At the beginning of this year, Brussels Airport raised the rates that airlines pay per arriving and departing flights in response to inflation and rising labor costs. However, even without this price increase, airlines at national airports with a hub function, such as Brussels Airport, pay higher prices than at regional airports.
For larger airlines, such as Ryanair, which transport more than 200,000 passengers per year, a rate of 1.31 euros per passenger applies in Charleroi. This is more than 17 times less than the 22.36 euros charged per passengers at Brussels airport. In April, Brussels Airport will raise these prices to around 30 euros per passenger.
By departing from Charleroi instead of Zaventem, Ryanair saves up to 6,000 euros per flight. flight. These lower rates are offset by a lower level of service. Passengers have to pay 1 euro in Charleroi to use the toilet, which is free at Brussels airport.
The scrapping of aircraft based at Zaventem has little impact on the number of flights that Ryanair will operate from Brussels Airport in the coming summer season. Compared to last summer, the number of routes from Zaventem drops from 16 to 12.
At the same time, Charleroi is adding three routes this summer.
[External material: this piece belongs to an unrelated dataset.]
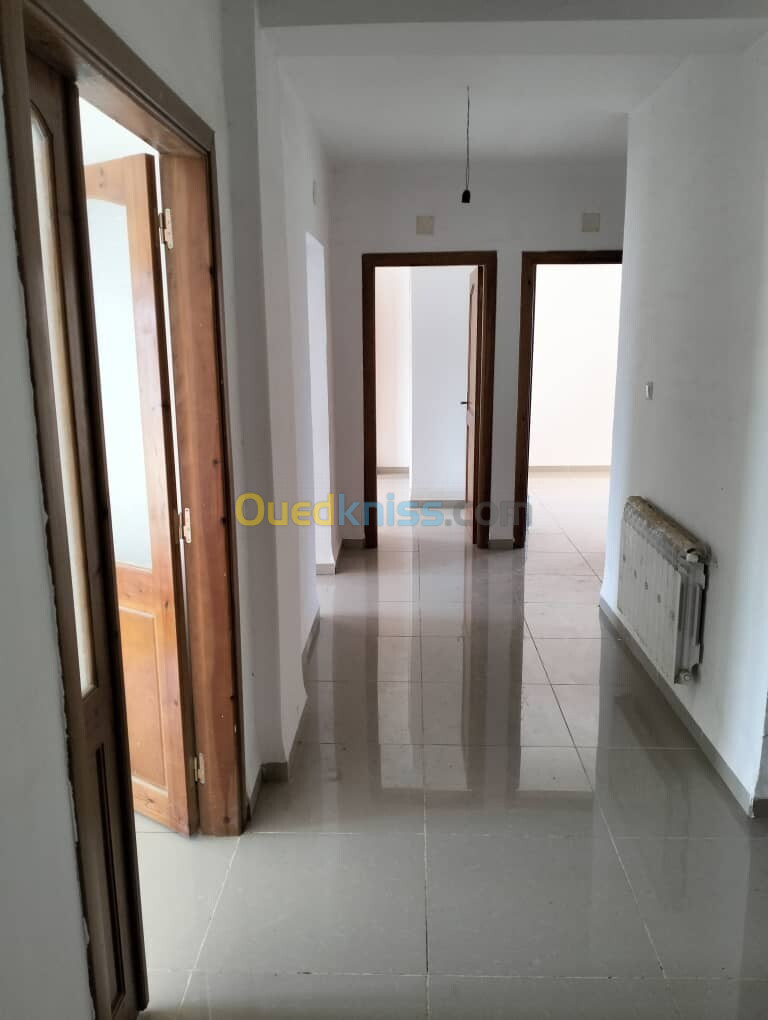 Location Appartement F4 Blida Blida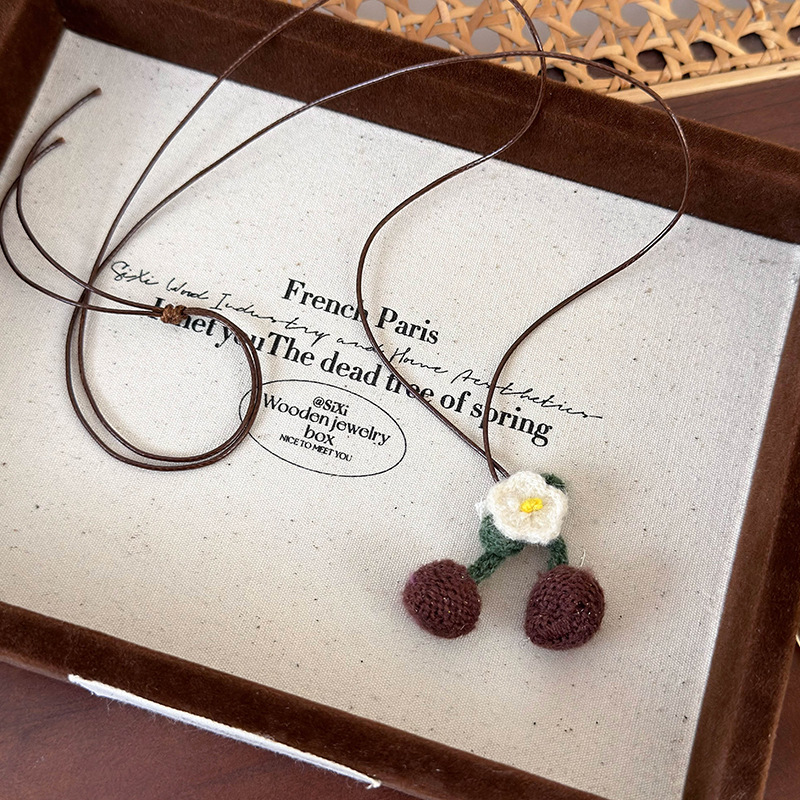 Набор Серёжек и Ожерелья с Вишнями Вязаный Крючком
As a result, the largest airline in Europe is canceling only 1 of the 122 routes it flew to and from our country last year. Brussels Airport loses the maintenance of the two planes that Ryanair still had in Zaventem.
In September, Ryanair extended its contract with Charleroi airport until 2028. The Irish airline is by far the largest customer in Brussels South and is therefore of vital importance to the local airport. ‘Unlike Charleroi, Ryanair cannot impose its will on the airport in Zaventem,’ says ACV Puls secretary Elsen.
Elsen has previously accused Ryanair of extortion. “Only when we abolish airline taxes, passenger and employee rights and the index will the richest airline be willing to return to Brussels,” he said.
On Wednesday he again condemned the ‘bizarre form of competition between Charleroi airport and Zaventem’. According to Elsen, the rates at Charleroi are now unrealistically low. “Ryanair makes good use of the cheap fares at secondary airports to make money.”
The trade unionist says he hopes Ryanair will correctly apply the Renault Act (which imposes a procedure on employers in the event of collective redundancies) so that alternative employment can be sought. It is possible, for example, in Charleroi, where Ryanair has 15 aircraft stationed.
During the current season, the redundant employees of Zaventem were seconded throughout Europe. This led to conflicts between the management and the unions, because for the cabin crew it meant being abroad for a whole week instead of being at home every night.
The 59 employees who are now at risk of losing their jobs may be able to work in Charleroi. ‘But because the rule at Ryanair is that you must be able to be at the airport in an hour, many employees who now work in Zaventem would have to move,’ says Elsen.